Input Tax=100×5%=AED5.00

Input tax is also referred to as VAT Credit or Recoverable VAT.

VAT Payable

To determine the VAT payable to the government, subtract the input tax from the output tax:

VAT Payable=Output Tax−Input Tax

For example, if your output tax is AED 10.00 and your input tax is AED 5.00, the VAT payable would be:

VAT Payable=10.00−5.00=AED5.00

All businesses must collect VAT on sales (output tax) and recover VAT on purchases (input tax). The difference between the two amounts must be paid to the government.

How to Register for VAT in the UAE

In the UAE, VAT registration depends on your annual revenue:

  1. Mandatory Registration: If your business makes more than AED 375,000 annually, you must register for VAT. 
  1. Optional Registration: If your annual revenue is between AED 187,500 and AED 375,000, registration is optional. 
  1. Exempt from Registration: If your annual revenue is below AED 187,500, you do not need to register for VAT. 

Steps to Register for VAT 

  1. Visit the FTA Website: Go to the Federal Tax Authority (FTA) website. 
  1. Create an e-Services Account: Sign up for an e-Services account to activate your profile. 
  1. Access Your Dashboard: Log in to your e-Services account. 
  1. Register for VAT: Click “Add New Taxable Person” and follow the simple process to complete your VAT registration. 

By following these steps, you can easily register your business for VAT in the UAE.

Simplify VAT Calculation with Shuraa Tax

Calculating VAT in the UAE can seem complex, but with Shuraa Tax, it becomes straightforward. Our team simplifies the VAT process, guiding you through each step—from understanding VAT basics to calculating and managing VAT payments.

With practical examples and clear instructions, Shuraa Tax ensures you handle VAT efficiently and comply with UAE regulations. For personalized assistance, contact us at +971 50 891 2062 or email info@shuraatax.com.

FAQs

Q1. How is VAT calculated in the UAE?

To calculate VAT in the UAE, you need to apply the 5% VAT rate to the sale price. For example, if the price of a product or service is AED 100, the VAT amount would be AED 5 (calculated as AED 100 x 0.05). Thus, the total amount payable would-be AED 105 (AED 100 + AED 5 VAT).

Q2. What is the VAT rate in the UAE?

The UAE’s standard VAT rate is 5%. However, certain goods and services are classified as exempt or zero-rated, meaning no VAT is applied to them. Exempt supplies include specific healthcare and educational services, while zero-rated supplies may include certain international goods and services.

Q3. How do you calculate 5% VAT in the UAE?

To calculate 5% VAT, multiply the sale price by 0.05. For example, if the sale price is AED 200, the VAT is AED 10 (AED 200 x 0.05).

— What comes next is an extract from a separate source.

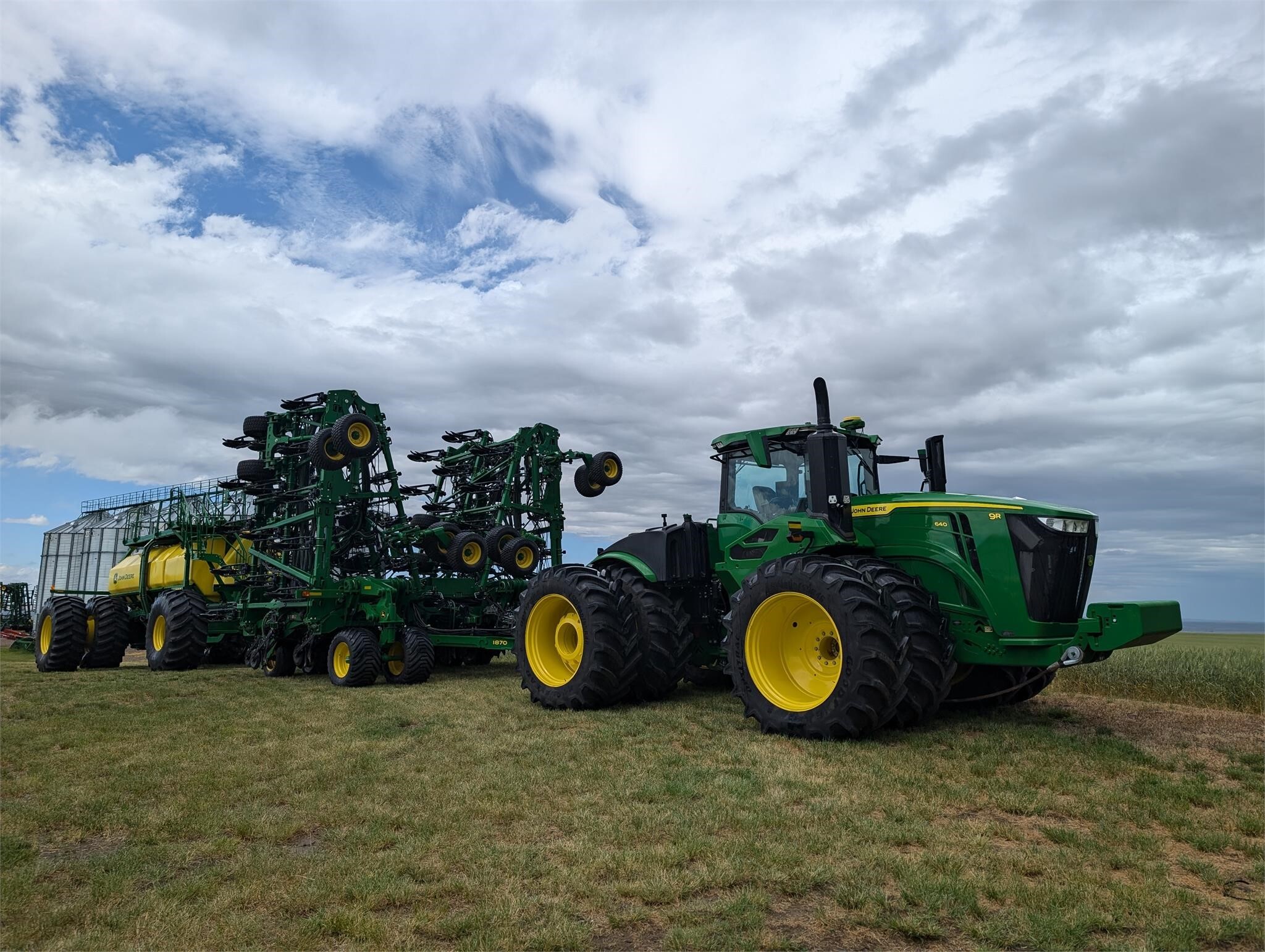 2017 John Deere 1870 Air Seeder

Add this to the sale price to get the total amount payable, AED 210.

Q4. How to calculate VAT on AED 100?

For a product priced at AED 100, the 5% VAT would be AED 100 × 5% = AED 5.00. Thus, the Input VAT is AED 5.00.

Q5. How do you find the price before VAT from a gross amount?

To remove VAT from a price, follow these steps: First, divide the gross amount by 1 plus the VAT percentage (expressed as a decimal). Then, subtract the resulting value from the gross amount. Finally, multiply by -1 and round to the nearest value.